Transplantation d’un organe plein
Le vaccin HA est recommandé pour tous les
candidats à une transplantation atteints d’hépatopathie chronique et, dans le
cas d’une transplantation d’organe plein, il peut être administré à tous les
candidats et receveurs s’il y a présence d’autres risques (voir Tableau 1). Si possible, la série de
vaccins HA devrait être complétée avant la transplantation. Si le vaccin HA n’a
pas été administré ou si seulement une partie de la série de vaccins a été
administrée avant la transplantation, il faut commencer ou avoir complété la
série de vaccins six mois après la transplantation. Les contacts familiaux
non immuns des receveurs de transplantation d’organe plein devraient recevoir
le vaccin HA s’il y a présence d’autres risques (voir Tableau 1).
Traitement immunosuppresseur
Lorsqu’il est indiqué, le vaccin HA peut être administré
sans danger à tout moment avant, pendant ou après un traitement
immunosuppresseur. Tout particulièrement, le vaccin HA devrait être administré
avant, pendant ou après un traitement immunosuppresseur dans le cas d’une
gestion post-exposition ou dans le cas d’une éclosion. Toutefois, pour assurer
une immunogénicité optimale dans le cas d’indications non urgentes, il faudrait
respecter le calendrier suivant, dans la mesure du possible.
Le vaccin HA devrait être administré au moins 14 jours avant le début du traitement immunosuppresseur (p. ex. fortes doses de corticostéroïdes à action générale [doses de 2 mg/kg par jour ou 20 mg par jour ou plus de prednisone ou d’un médicament équivalent] pendant 14 jours ou plus; chimiothérapie [p. ex. azathioprine, cyclosporine, cyclophosphamide ou infliximab] ou radiothérapie). En cas d’impossibilité, une période d’au moins 3 mois devrait s’écouler entre l’arrêt du médicament immunosuppresseur (à l’exception des corticostéroïdes à action générale à fortes doses) et l’administration du vaccin HA, et ce, afin d’assurer une immunogénicité. Dans le cas de fortes doses de stéroïdes à action générale, le délai entre l’arrêt des traitements et l’administration du vaccin HA diminue à 4 semaines. L’intervalle entre l’arrêt du traitement immunosuppresseur et l’administration du vaccin HA peut varier selon l’intensité du traitement immunosuppresseur, la maladie sous-jacente et d’autres facteurs.
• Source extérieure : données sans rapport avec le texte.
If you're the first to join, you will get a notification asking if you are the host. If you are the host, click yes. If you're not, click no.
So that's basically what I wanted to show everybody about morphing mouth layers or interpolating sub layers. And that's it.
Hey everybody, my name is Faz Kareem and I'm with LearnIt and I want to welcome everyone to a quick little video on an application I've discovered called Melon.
Si le traitement immunosuppresseur ne peut pas être interrompu, le vaccin HA devrait être administré dans la mesure du possible lorsque la personne est le moins immunodéprimée.
Infection à VIH
Le vaccin HA est recommandé pour les sujets
infectés par le VIH qui présentent des facteurs de risque tels que le fait d’avoir
des relations sexuelles avec d’autres hommes et l’usage de drogues illicites.
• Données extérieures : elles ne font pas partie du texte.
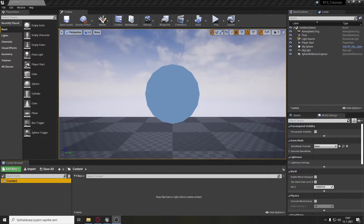Hello and welcome to this RTS tutorial video where I'm going to show you how to create movement for your RTS camera.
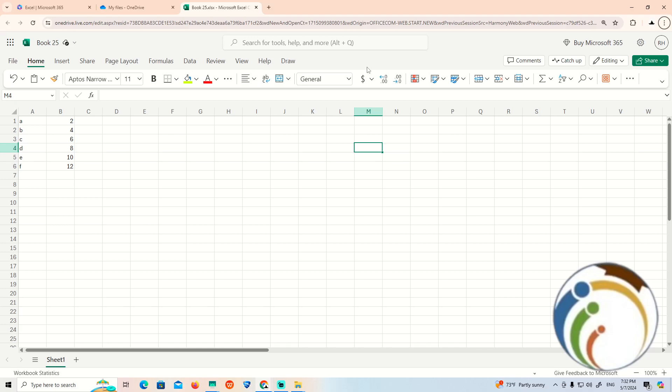Hello and welcome everyone. Today's video I'm going to show how you can start to multiply numbers on Microsoft Word or Microsoft Excel. All you need to do in this video is just follow along.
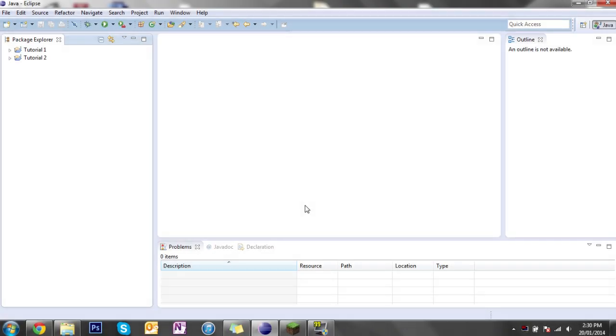Hello everyone and welcome back to my Bukkit plugin tutorial series. Today we're going to be getting into permissions.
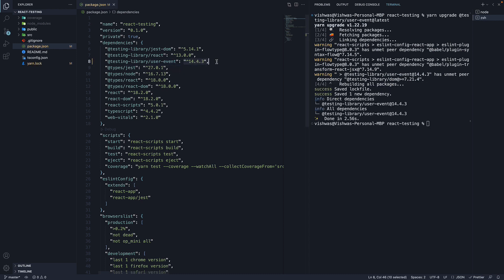Alright, I hope you now have an understanding of what the UserEvent library is used for and how to set up version 14 in a project generated using CreateReact app. Next, let's focus on some of the APIs that UserEvent library offers. And let's start with MouseEvents in the next video.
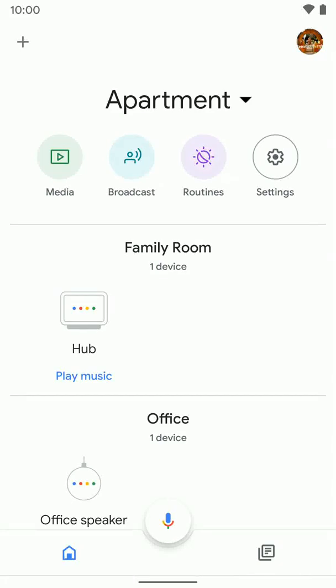Now we're going to go over how to change your default music service and your default video service for the Google Assistant. So basically, if you want to tell your Google Assistant or speaker to play music, it's going to default to the music account you've set up. Or if you wanted to cast something to the TV, it's going to default to this video provider.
Veuillez consulter le chapitre Immunisation des sujets immunodéprimés de la partie 3 pour obtenir davantage de renseignements généraux.
Maladie
rénale chronique et dialyse
Dans une étude
sur la réponse immunitaire de patients sous hémodialyse à des doses normales du
vaccin HA, tous les sujets de l’étude ont présenté une bonne réponse
immunitaire et aucun effet indésirable grave n’a été observé.
Hépatopathie chronique
L’immunisation contre l’hépatite A est
recommandée pour tous les sujets non immuns atteints d’hépatopathie chronique,
notamment ceux infectés par le virus de l’hépatite C et les porteurs de l’hépatite B
chronique, car la maladie pourrait être plus sévère dans leur cas. La
vaccination devrait être terminée dans les premiers stades de la maladie, car
la réponse immunitaire au vaccin est sous-optimale dans la forme avancée de la
maladie.
Troubles hématologiques bénins
Hémophilie
La vaccination
contre l’hépatite A est recommandée pour les personnes souffrant d’hémophilie A
ou B qui reçoivent des facteurs de coagulation dérivés du plasma. Les
solvants-détergents utilisés actuellement pour préparer tous les facteurs VIII
du plasma et certains concentrés de facteurs IX ne permettent pas d’inactiver
de manière fiable le virus de l’hépatite A, car le virus n’a pas d’enveloppe.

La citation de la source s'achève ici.